Exercise prompt: Your output consists solely of the lines from the one that contains "View of living" to the end of the material, each reproduced exactly; pictures do not belong in it.

Source material:
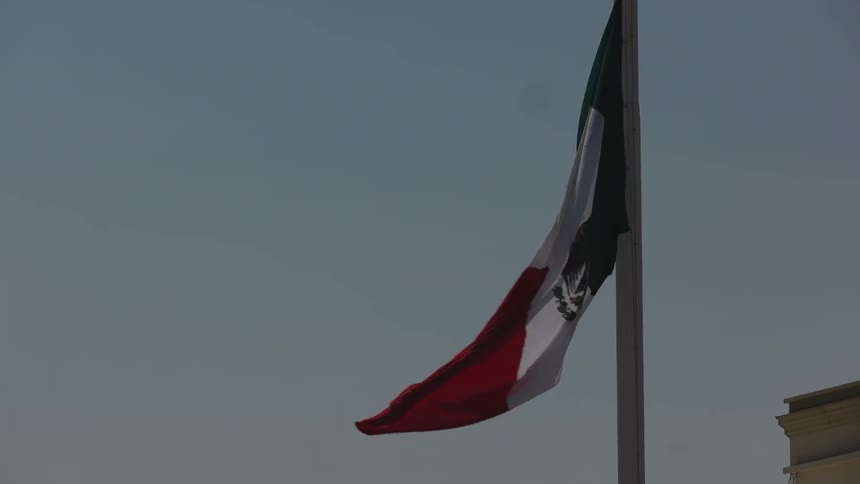 A mexican flag waves in the breeze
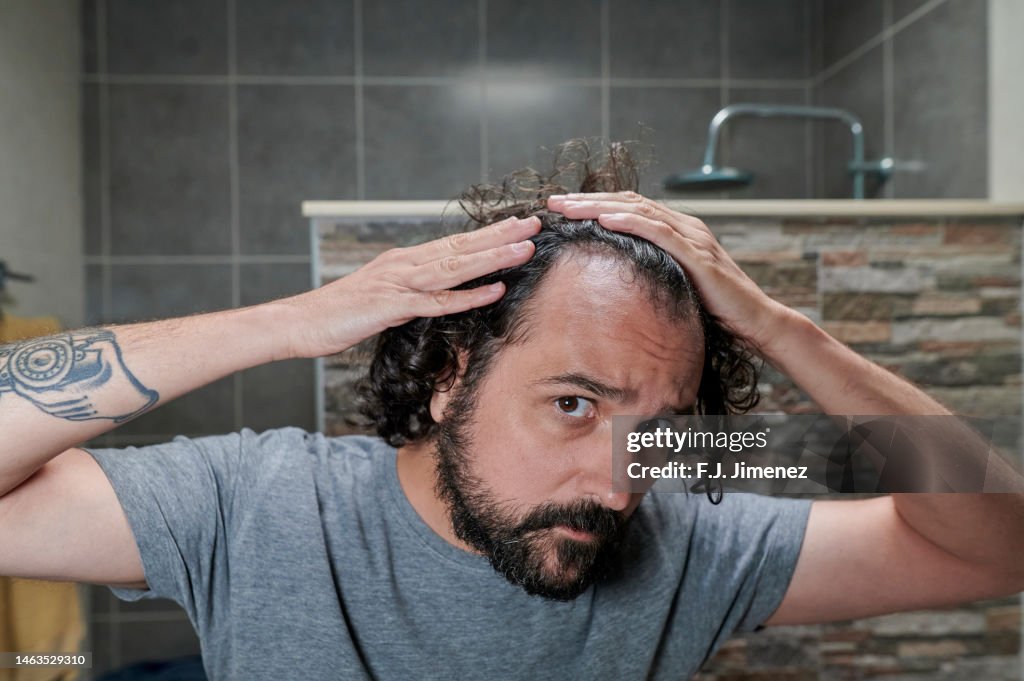 Man looking at his hair in bathroom mirror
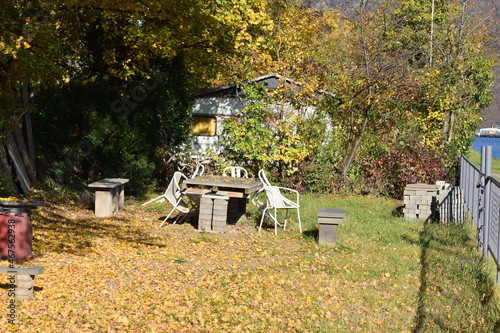 Tisch und Stühle vor einem Campingwagen im Herbstwald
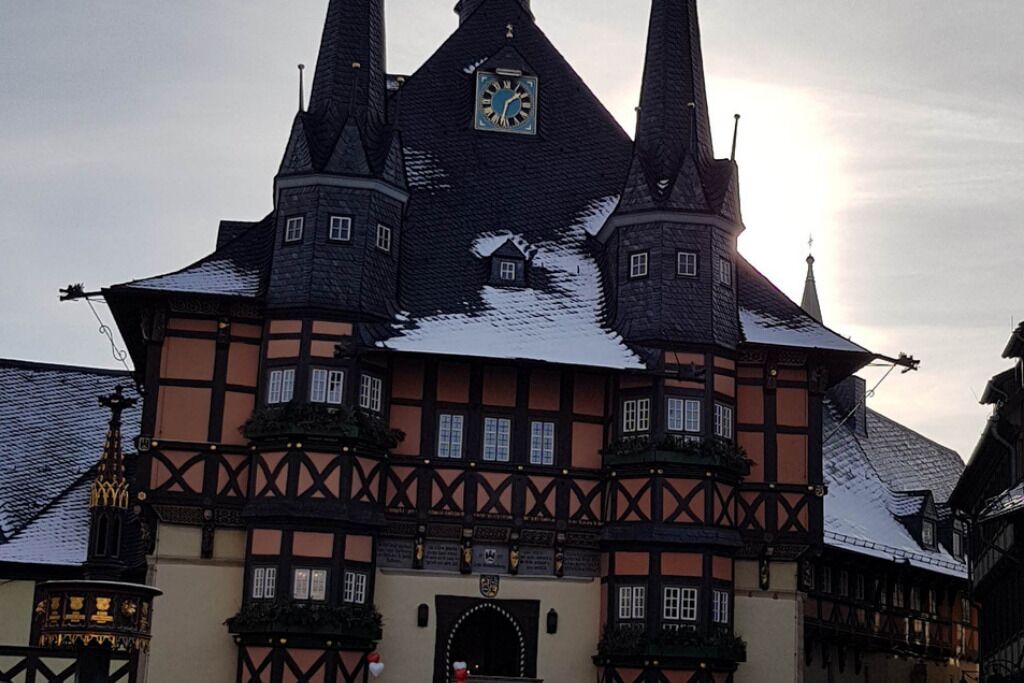 A historic building with a clock tower, multiple windows, and a traditional half-timbered facade.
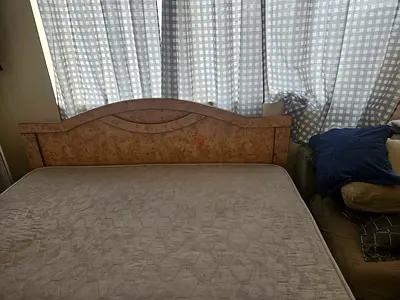 Queen size wooden bed frame with headboard - good condition. Mattress and 1 side table available.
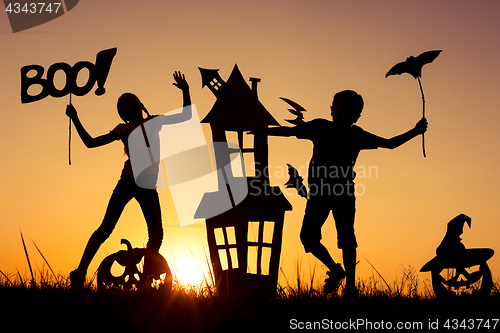 Image of Happy brother and  sister playing outdoors at the sunset time.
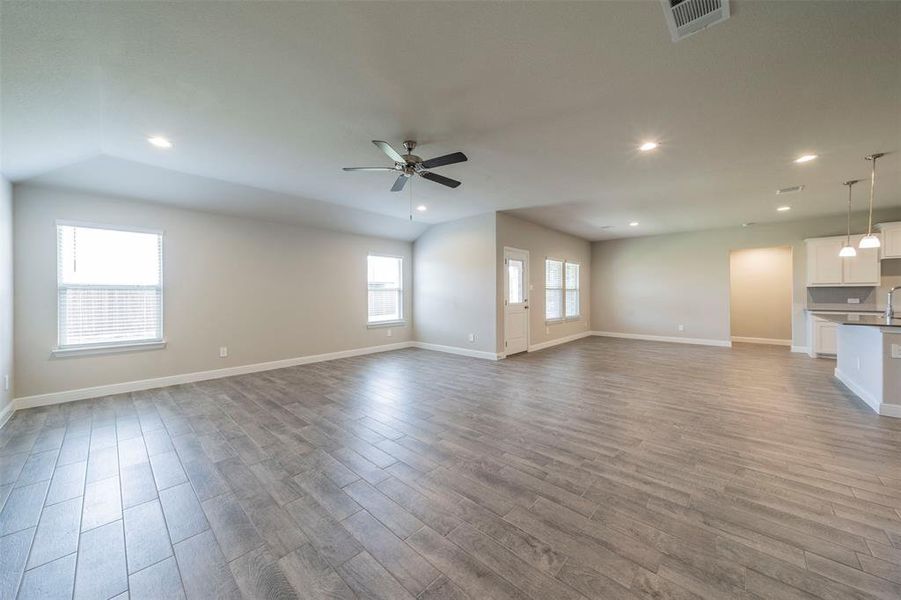 View of living room looking towards the dining space and kitchen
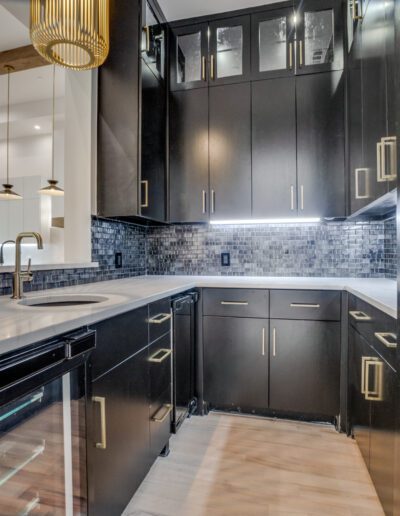 Modern kitchen interior with black cabinetry and stainless steel appliances.
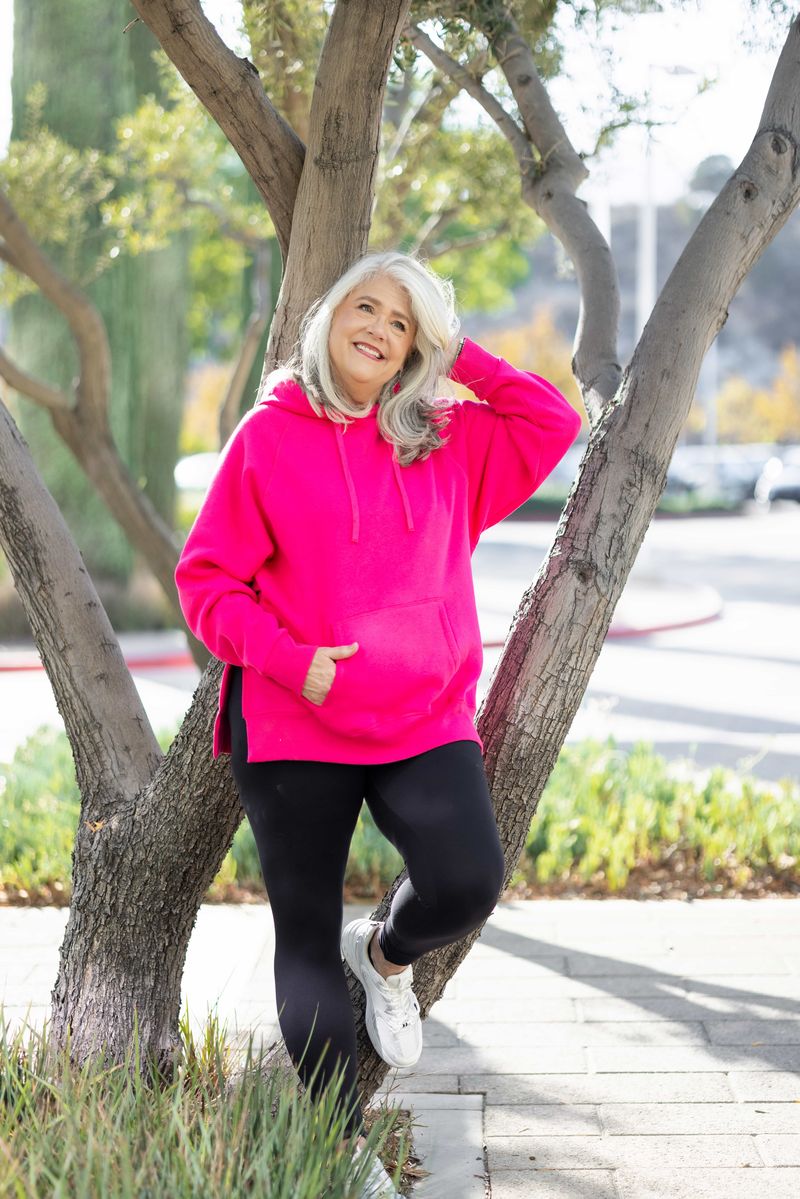 Lexi Hooded Fleece Sweatshirt in solid hot pink displayed on a model outdoors. Long-sleeve relaxed-fit hoodie with kangaroo pocket, drawstring hood, side slits, and ribbed cuffs and hem.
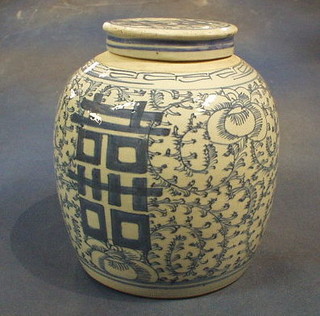 A 19th Century Oriental blue and white pottery ginger jar and lid, decorated characters 10"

Response to this exercise:
 View of living room looking towards the dining space and kitchen
 Modern kitchen interior with black cabinetry and stainless steel appliances.
 Lexi Hooded Fleece Sweatshirt in solid hot pink displayed on a model outdoors. Long-sleeve relaxed-fit hoodie with kangaroo pocket, drawstring hood, side slits, and ribbed cuffs and hem.
 A 19th Century Oriental blue and white pottery ginger jar and lid, decorated characters 10"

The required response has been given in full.